Physical constraint integration: Incorporate physical constraints such as hydrostatic balance and geostrophic balance into AI model training
Error growth improvement: Develop stochastic parameterization schemes or multi-model ensemble methods
Large ensemble extension: Leverage AI model computational advantages to extend to large ensemble EnKF or localized particle filters
Real observation application: Advance toward data assimilation with real observational data

In-Depth Evaluation

Strengths

Pioneering contribution: First successful integration of EnKF with AI weather prediction models, with significant academic value
Systematic research: Systematically evaluated method effectiveness through multiple localization scale experiments
In-depth diagnosis: Utilized data assimilation techniques to deeply analyze AI model characteristics, providing new evaluation perspectives
Practical value: Provides direction for improvements to AI weather prediction models
Open-source code: Provides complete code and data, ensuring reproducibility

Weaknesses

Resolution limitation: Experiments conducted only at low resolution (5.625°), limiting practical applicability
Simulated observations: Uses simulated rather than real observational data, creating a gap with practical applications
Single model: Only tested one AI model (ClimaX), with limited generalizability of conclusions
Insufficient theoretical analysis: Theoretical explanations for AI model limitations are relatively superficial

Impact

Academic impact: Opens new directions for combining AI weather forecasting with data assimilation
Practical value: Provides important reference for developing operational AI weather forecasting systems
Methodological contribution: Establishes a framework for diagnosing AI models using data assimilation
Strong reproducibility: Complete open-source code facilitates subsequent research

Applicable Scenarios

AI model evaluation: Suitable for diagnosing characteristics of various AI weather prediction models
Data assimilation research: Provides foundation for developing data assimilation systems for AI models
Hybrid systems: Can be used for designing AI-physics model hybrid forecasting systems
Educational research: Serves as an important case study for AI meteorology education

References

Lam, R., et al. (2023): Learning skillful medium-range global weather forecasting.
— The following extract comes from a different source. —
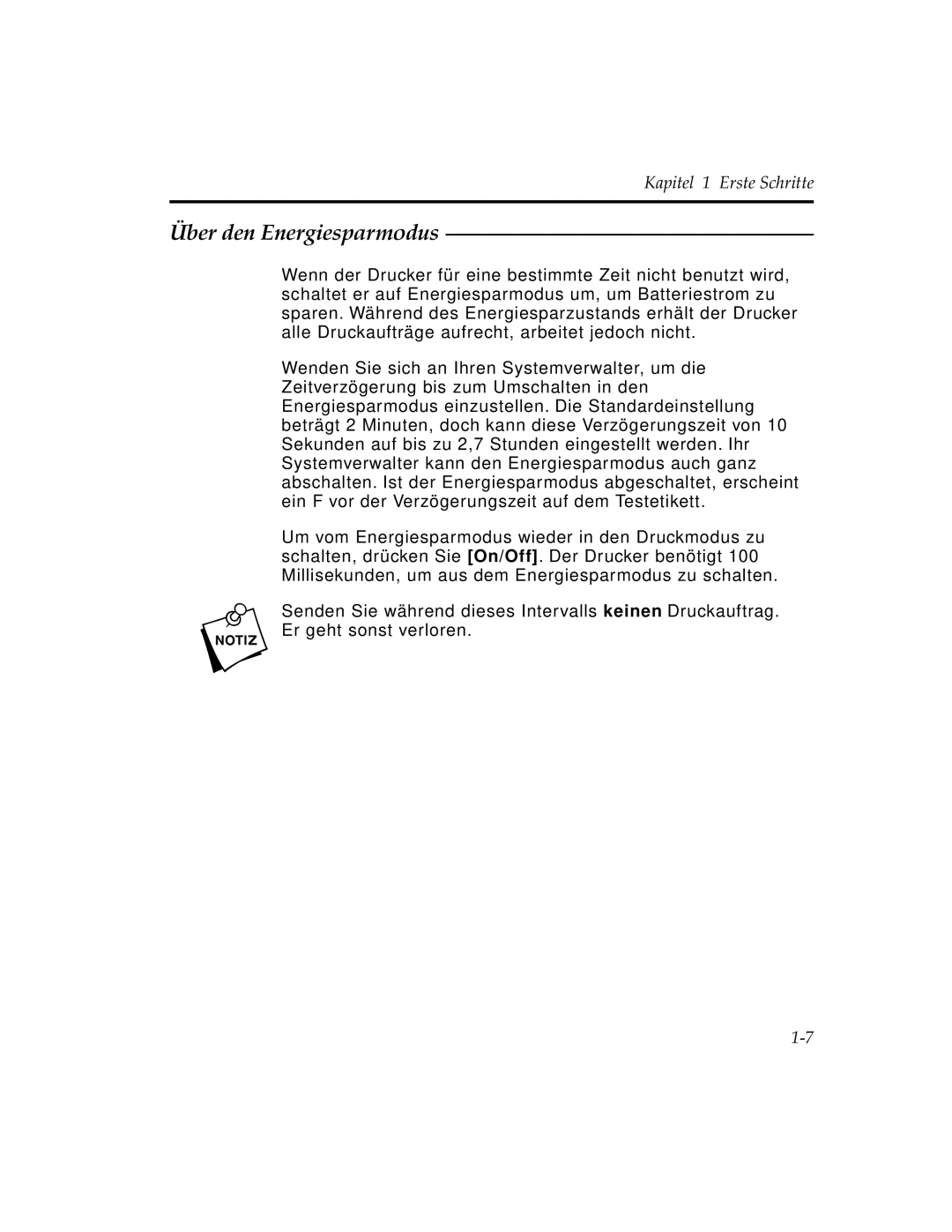 Paxar 9450 manual Über den Energiesparmodus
Science, 382(6677), 1416-1421.
Bi, K., et al. (2023): Accurate medium-range global weather forecasting with 3D neural networks. Nature, 619(7970), 533-538.
Hunt, B. R., et al. (2007): Efficient data assimilation for spatiotemporal chaos: A local ensemble transform Kalman filter. Physica D, 230(1-2), 112-126.
Nguyen, T., et al. (2023): ClimaX: A foundation model for weather and climate. arXiv preprint arXiv:2301.10343.

This paper has pioneering significance in combining AI weather forecasting with data assimilation. Although it has some technical limitations, it establishes an important foundation for the development of this field and possesses considerable academic value and practical potential.